▶ [WHAT YOU ARE ASKED TO DO]: Range to output from the entries below: the line containing "Certificado Laboral" through the line containing "Das CrazyFly Acton". Set it down exactly, ends included, nothing else.

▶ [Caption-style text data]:
=-=-=

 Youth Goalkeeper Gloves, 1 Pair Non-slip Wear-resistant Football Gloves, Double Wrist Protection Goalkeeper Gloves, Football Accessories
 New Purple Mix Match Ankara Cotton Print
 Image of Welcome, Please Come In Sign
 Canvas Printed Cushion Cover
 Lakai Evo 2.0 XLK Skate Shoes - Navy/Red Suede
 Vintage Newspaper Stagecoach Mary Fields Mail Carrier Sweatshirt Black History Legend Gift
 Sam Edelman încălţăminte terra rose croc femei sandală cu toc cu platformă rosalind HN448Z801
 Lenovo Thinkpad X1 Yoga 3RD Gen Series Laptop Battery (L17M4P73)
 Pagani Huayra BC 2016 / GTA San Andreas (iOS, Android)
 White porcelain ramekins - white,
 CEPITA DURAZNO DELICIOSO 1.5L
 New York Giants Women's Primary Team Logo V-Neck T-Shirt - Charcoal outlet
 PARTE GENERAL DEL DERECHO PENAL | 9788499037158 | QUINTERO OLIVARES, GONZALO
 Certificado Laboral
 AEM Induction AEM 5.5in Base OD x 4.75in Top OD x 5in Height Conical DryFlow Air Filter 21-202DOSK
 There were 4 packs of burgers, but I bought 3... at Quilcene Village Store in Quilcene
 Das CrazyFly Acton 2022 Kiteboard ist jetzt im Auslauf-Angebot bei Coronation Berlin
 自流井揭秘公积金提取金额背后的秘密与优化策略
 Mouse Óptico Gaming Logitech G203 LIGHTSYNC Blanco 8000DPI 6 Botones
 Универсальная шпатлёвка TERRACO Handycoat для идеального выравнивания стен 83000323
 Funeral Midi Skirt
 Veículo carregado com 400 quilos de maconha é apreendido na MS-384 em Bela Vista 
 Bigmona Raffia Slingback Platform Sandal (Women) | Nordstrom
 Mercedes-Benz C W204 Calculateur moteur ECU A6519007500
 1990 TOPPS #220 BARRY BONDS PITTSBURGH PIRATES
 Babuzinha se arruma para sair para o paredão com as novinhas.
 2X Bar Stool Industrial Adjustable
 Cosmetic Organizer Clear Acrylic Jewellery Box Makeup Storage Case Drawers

=-=-=

▶ [FINISHED EXERCISE]:
 Certificado Laboral
 AEM Induction AEM 5.5in Base OD x 4.75in Top OD x 5in Height Conical DryFlow Air Filter 21-202DOSK
 There were 4 packs of burgers, but I bought 3... at Quilcene Village Store in Quilcene
 Das CrazyFly Acton 2022 Kiteboard ist jetzt im Auslauf-Angebot bei Coronation Berlin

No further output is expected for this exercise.